Tussen de gangen door werd er druk van tafel tot tafel gelopen. Wij werden niet overgeslagen. En, zoals gezegd, Italianen zijn nieuwsgierig. Voor ons gevoel soms bijna op het onbeschofte af. Na de vragen waar we vandaan kwamen, wat we deden en hoe we in het dorp verzeild waren geraakt kwam de vraag die ik al tientallen keren in Italië had gekregen. ‘Hebben jullie geen kinderen? Waarom niet?’ ‘Nou we wippen als konijnen maar er gebeurt niets. Heeft u tips?’ Dat wilde ik altijd graag zeggen, maar ik ben een keurig Haags meisje. Dus ik hief ik mijn handen en mijn schouders op, hield mijn hoofd schuin, trok mijn wenkbrauwen op en zei alleen maar ‘Eeeeh’.

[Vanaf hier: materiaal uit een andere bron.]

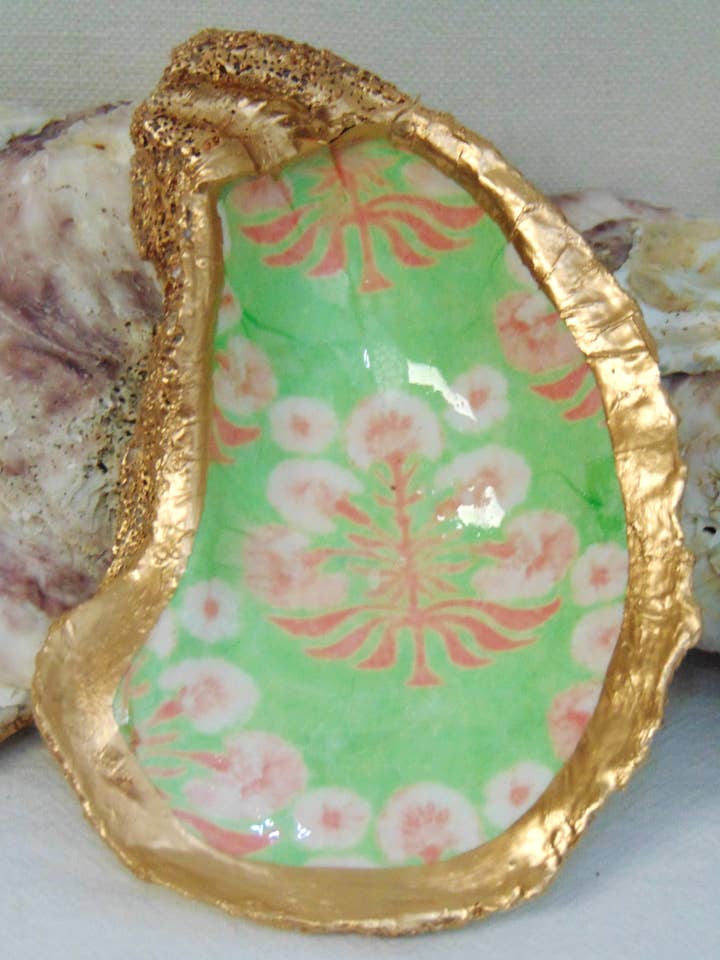 Cuenco de Concha de Ostra de Diseñador Poppy Love Rosa Verde para venta al por mayor de Lowcountry Linens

Vervolgens zongen we braaf ‘Tanti auguri per te’ mee voor een kogelrond jongetje in felroze poloshirt. Het jongetje kreeg van zijn eveneens kogelronde vader met verve een Rolex horloge overhandigd. Daar stonden we wel even van te kijken. Maar we kregen ook een groot glas champagne ter ere van het kogelronde jarige jongetje. Dus ik hield mijn socialistische principes maar gezellig voor me.

Sentimentele gek
Ondertussen werd het eten verder uitgeserveerd door de slippertjes en de sleper. Met tweede en derde porties. Er kwam cassata ijs. En fruit, geserveerd in een grote kom ijskoud water (een idee dat ik pikte voor mijn eigen etentjes) en zelfgebakken cake en chocolaatjes. En glaasjes wijn. En koffie. Voor het hele bacchanaal rekenden we 25 euro af.

Het eerste dat ik opgelucht deed toen we terug liepen naar de auto was een enorme scheet laten. Ik had veel en veel teveel gegeten. Verfijnd eten was het ook niet. Het was eten zoals de aarde het bedoeld heeft: boers, alles kakelvers en met verrukkelijke smaken. Omdat ik een sentimentele gek ben (en op dat moment een beetje tipsy) wilde ik eigenlijk nooit meer weg uit dit dorp. De mensen waren hier zo lief! Ik zou slippers kopen en een jasschort en serveerster worden in die snackbar. En op mijn vrije dag op mijn balkon met geraniums gaan zitten en vriendelijk zwaaien naar de voorbijgangers.
Natuurlijk deed ik dat niet. Ik ging braaf terug naar Nederland, naar de regen en de sleur. Alle mooie dingen eindigen altijd een beetje droevig.

Maar mocht je naar Italië gaan met vakantie, zorg dan dat je er dan op 15 augustus bent. Kies een klein dorp uit en ga daar eten. Want een ding weet ik zeker: dat wordt een onvergetelijke ervaring.